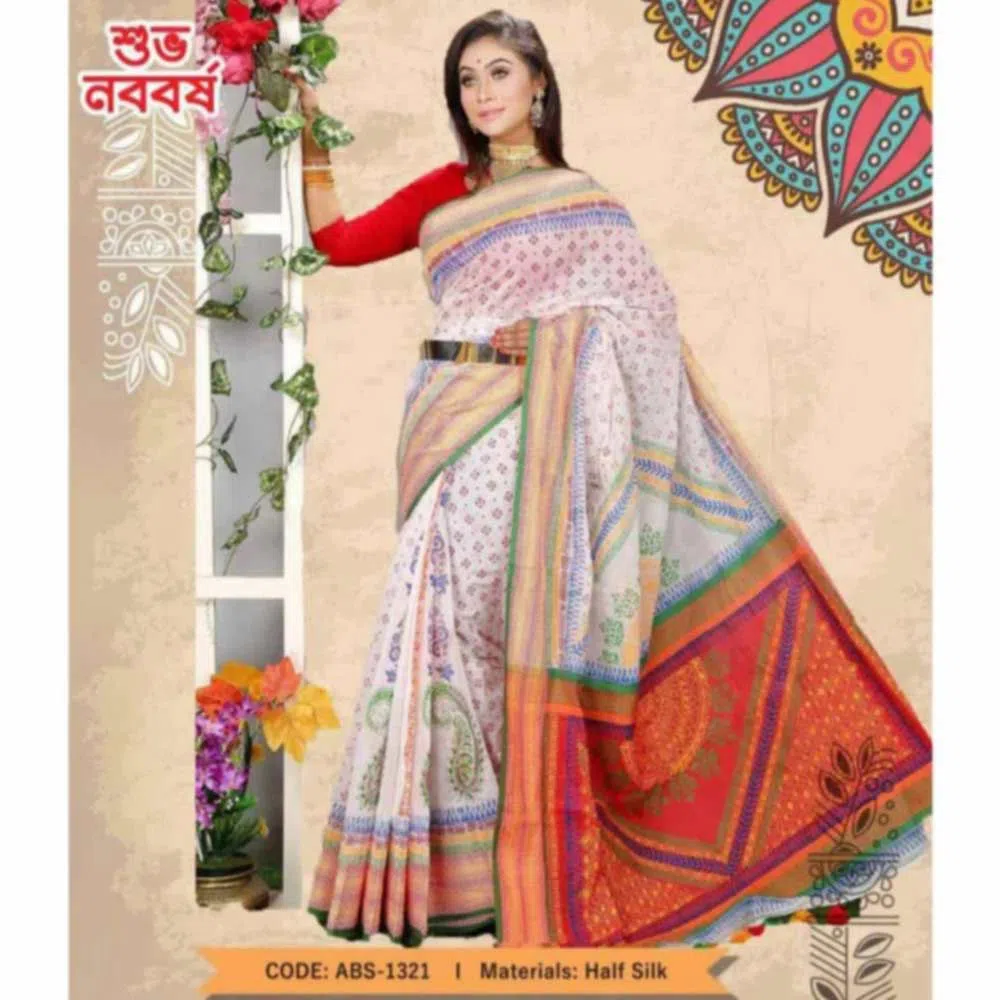 Tangail Boishakhi Half Silk Saree (ABS-1321)
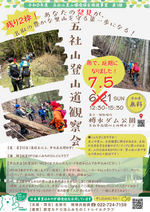7/5（日）に延期！五社山登山道観察会開催！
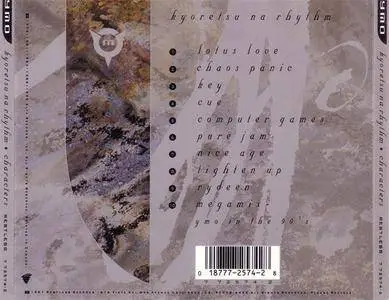 Yellow Magic Orchestra - Kyoretsu Na Rhythm • Characters (1991) {Restless} **[RE-UP]**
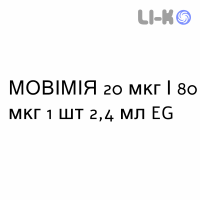 МОВИМИЯ - MOVYMIA раствор для инъекций 20 мкг/80 мкг 1 шт 2,4 мл EG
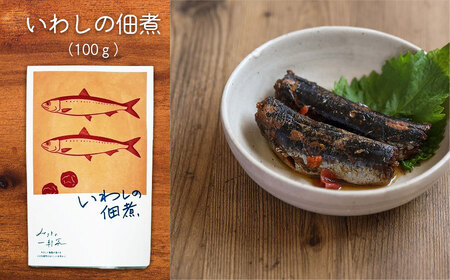 鶴岡市 庄内浜の恵みギフトセット　庄内観光物産館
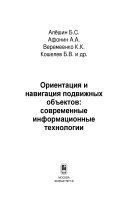 Очерки по истории русской церкви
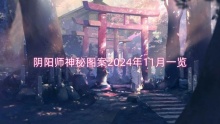 阴阳师神秘图案2024年11月一览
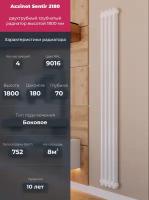 Axxinot Sentir 2180 - вертикальный радиатор высотой 1800 мм, боковое подключение N12, 4 секции, белый
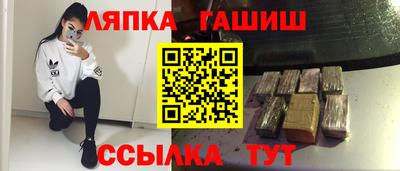 метадон Гусев
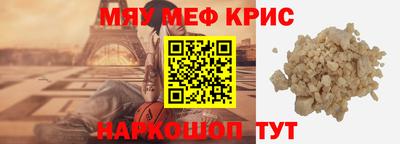 мяу мяу мука Краснодар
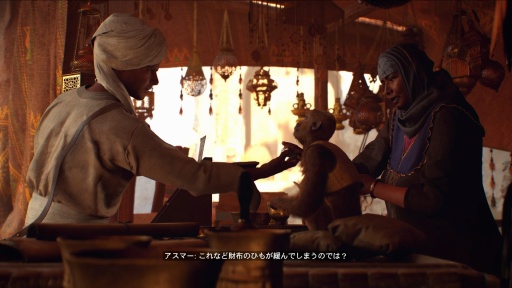 画像ギャラリー No.025のサムネイル画像 / ［プレイレポ］「インディ・ジョーンズ/大いなる円環」は映画ファンも初めての人も，インディ博士になりきって楽しめる痛快アドベンチャーだ
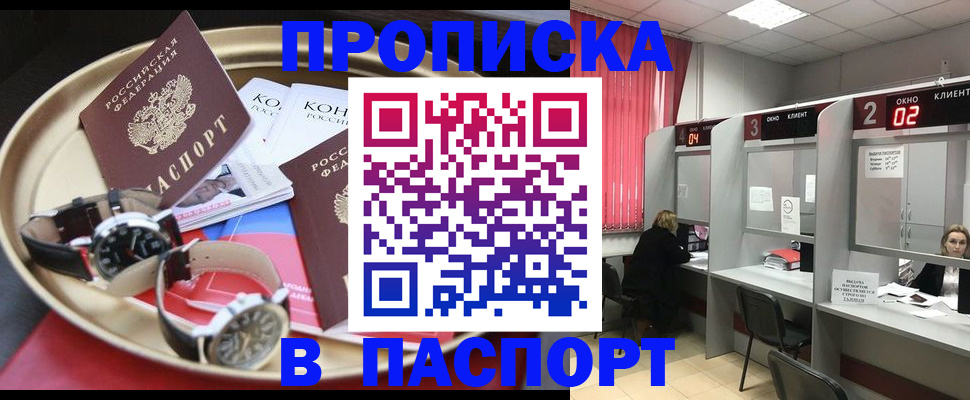 пропишу в квартире в Видном
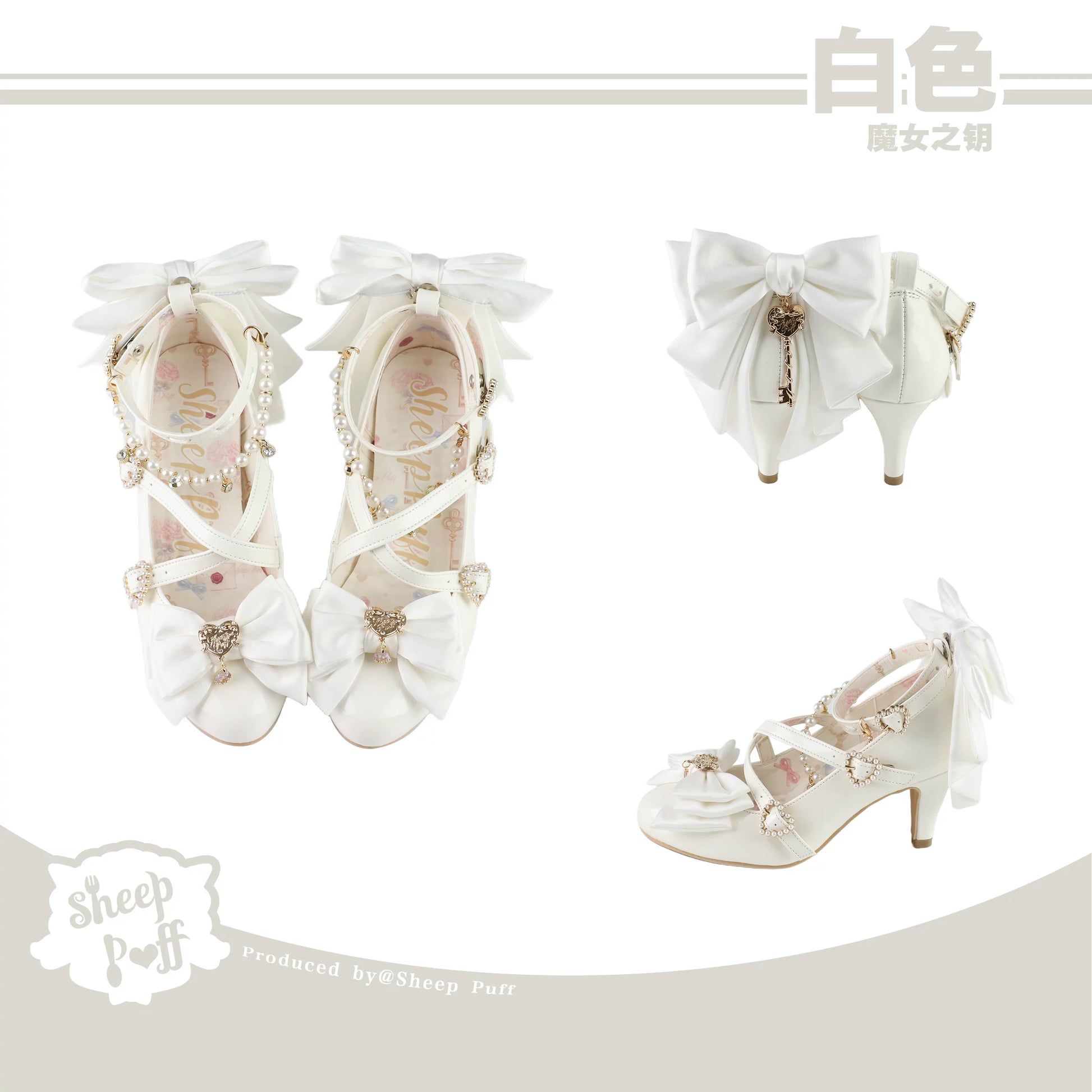 Sheep Puff Witch Key Lolita Heels, stylish black shoes with decorative sheep puff and gothic-inspired details.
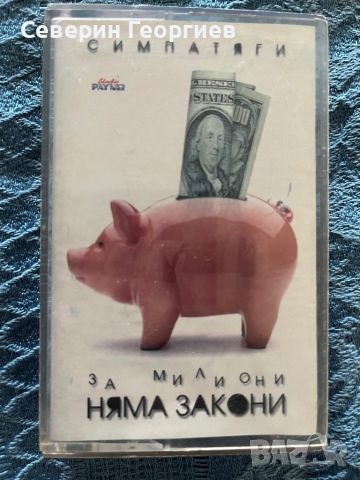 Симпатяги - За Милиони няма закони, снимка 1 - Аудио касети - 46227855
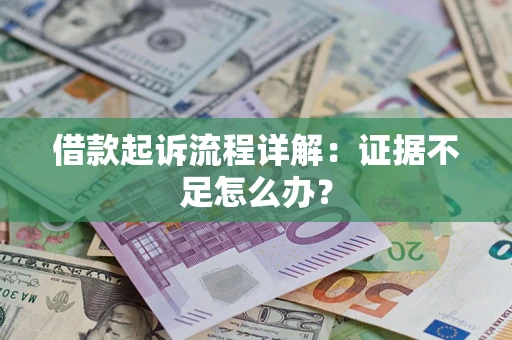 北京借款起诉流程详解：证据不足怎么办？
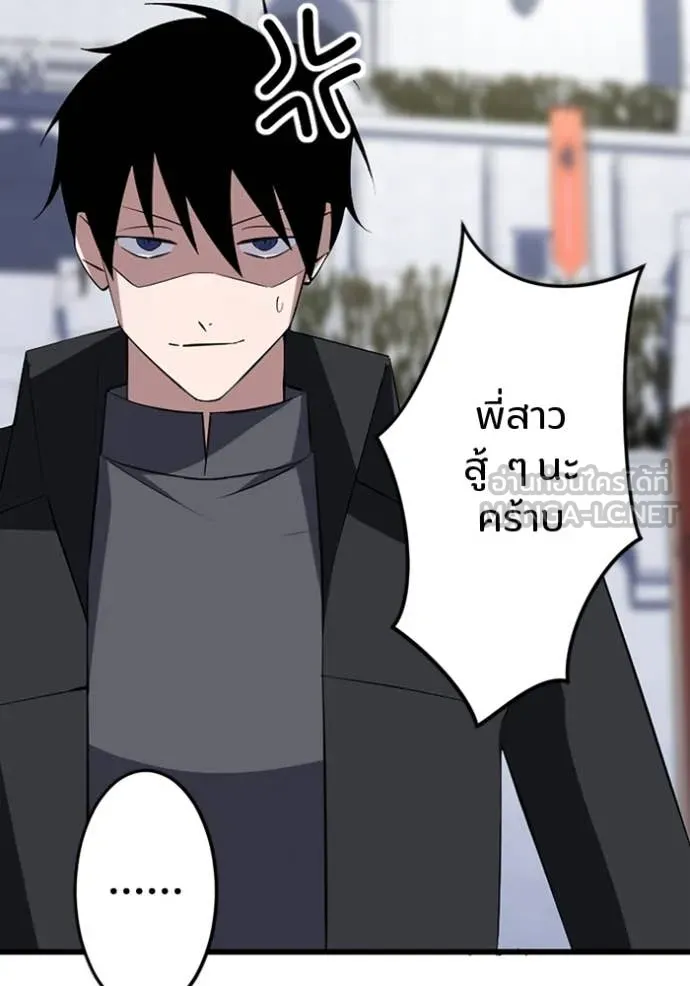 โคตรอาวุธลับ ตอนที่ 32 รูปที่ 63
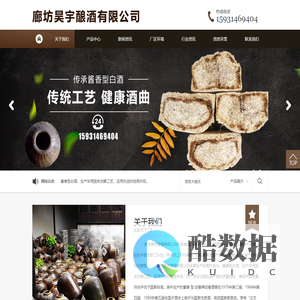 廊坊昊宇酿酒有限公司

[What to produce] An exact printout of the listing is needed, minus any pictures it contains.

[Answer section]
 Tangail Boishakhi Half Silk Saree (ABS-1321)
7/5（日）に延期！五社山登山道観察会開催！
 Yellow Magic Orchestra - Kyoretsu Na Rhythm • Characters (1991) {Restless} **[RE-UP]**
 МОВИМИЯ - MOVYMIA раствор для инъекций 20 мкг/80 мкг 1 шт 2,4 мл EG
 鶴岡市 庄内浜の恵みギフトセット　庄内観光物産館
 Очерки по истории русской церкви
 阴阳师神秘图案2024年11月一览
 Axxinot Sentir 2180 - вертикальный радиатор высотой 1800 мм, боковое подключение N12, 4 секции, белый
 метадон Гусев
 мяу мяу мука Краснодар
 画像ギャラリー No.025のサムネイル画像 / ［プレイレポ］「インディ・ジョーンズ/大いなる円環」は映画ファンも初めての人も，インディ博士になりきって楽しめる痛快アドベンチャーだ
 пропишу в квартире в Видном
 Sheep Puff Witch Key Lolita Heels, stylish black shoes with decorative sheep puff and gothic-inspired details.
 Симпатяги - За Милиони няма закони, снимка 1 - Аудио касети - 46227855
 北京借款起诉流程详解：证据不足怎么办？
 โคตรอาวุธลับ ตอนที่ 32 รูปที่ 63
 廊坊昊宇酿酒有限公司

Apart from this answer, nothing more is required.